Sunday, October 16, 2005

What It Was Was Football

For those of you who don’t recognize the plagiarized title, Andy Griffith did a hilarious monologue by that name back in the early ‘50s. Griffith played the role of an naive bumpkin
who had never heard of football and wandered into a game by accident. If you’ve not heard it, I suggest you dig it out and be prepared to laugh your buns off.

I’ve pretty much had it with the NFL. Salary cap. free agency, steroids, and the league drug abuse policy have combined to leave little left to cheer for. I was a loyal Raider fan until about half way through their sojourn to LaLa land. The on field heroics of the Snake, Ghost, Freddy Biletnikoff, Ray Guy, Marv Hubbard, Pete Banaszak, Jim Plunkett, Marcus Allen, Lester Hayes, Skip Thomas, Jack Tatum, and especially George Blanda are still warm memories 30 years on.
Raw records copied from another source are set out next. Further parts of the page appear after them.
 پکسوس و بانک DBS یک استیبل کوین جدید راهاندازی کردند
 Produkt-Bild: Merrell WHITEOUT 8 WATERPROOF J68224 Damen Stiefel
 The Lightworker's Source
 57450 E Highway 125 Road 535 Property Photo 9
Then the Forty-niners came to fore and had a glorious decade or so under owner Eddie deBartolo, Jr. and President and General Manager Carmen Policy. Two stellar quarterbacks in Montana and Steve Young who were teamed with the all time greatest receiver, Jerry Rice, along with top notch running backs provided ample stimulus for football interest.
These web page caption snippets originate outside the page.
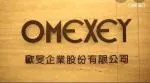 CÔNG TY CỔ PHẦN OMEXEY HOME FURNISHING ( VIỆT NAM)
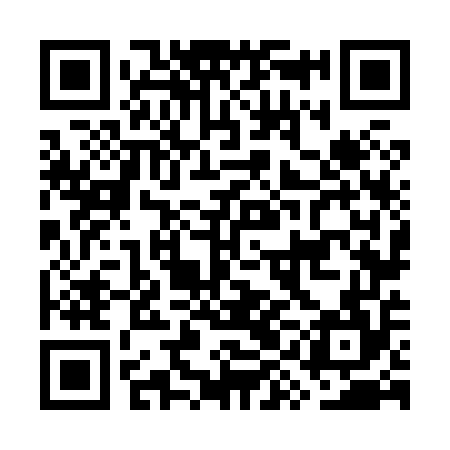 QR code for GYN854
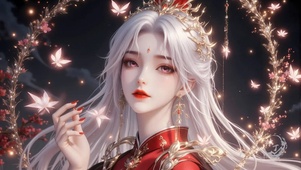 妖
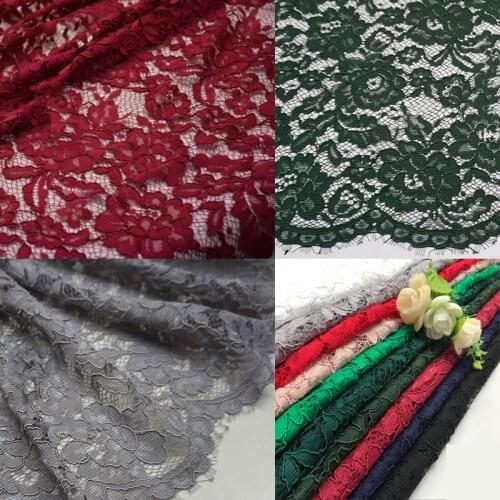 TUEDIO Hobby And Craft Supplies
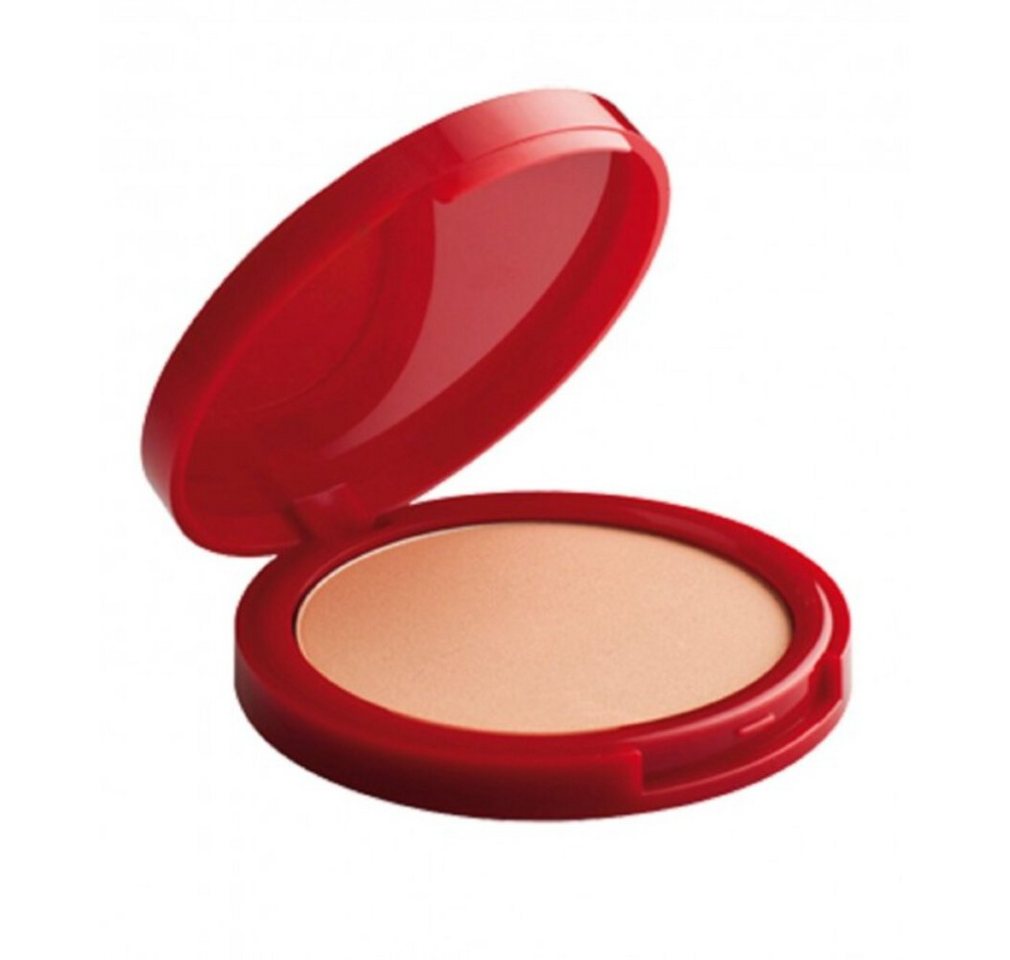 Deborah Milano Foundation Deborah La Cipria Kompakt Puder Pressed Powder 24 13g von Deborah Milano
The greatness of those teams faded and didn’t leave much. New England is doing well, and I’ve always had a warm spot in my heart for Bret Favre, while the Steelers look tough under the guidance of Ben Roethlisberger. But that’s about it, folks.

College ball is a really very acceptable alternative. I had nothing better to do last New Year’s Day than watch the tube as there was an active rain storm over the valley. I don’t recall having previously seen an athletic competition as exciting as the UT-Michigan Rose Bowl game. Both teams gave it their all and the matter was decided in the closing seconds by UT’s somewhat less than reliable kicker. Those young men played their hearts out and whoever won it truly deserved it.

I saw another yesterday. The USC-Notre Dame game was 60 minutes of bone jarring contact, controversy, voluptuous cheer leaders, player determination and just plain fun American athletics free of product endorsements.

It, too, was decided in the closing seconds of the game.

College football has become big business. A few years ago there was a realignment of conferences. Being Texan, I fondly remember the old Southwestern Conference. Dan Jenkins used the TCU Horned Frogs as a backdrop for his hilarious trilogy on football.

It turns out the Toads are now nationally ranked number 25. They are 6 and 1 and have only beaten one team with a record of better than .500. One would suspect someone or several someones of being less than honest with their vote. But then what would American sports be without some scandal somewhere?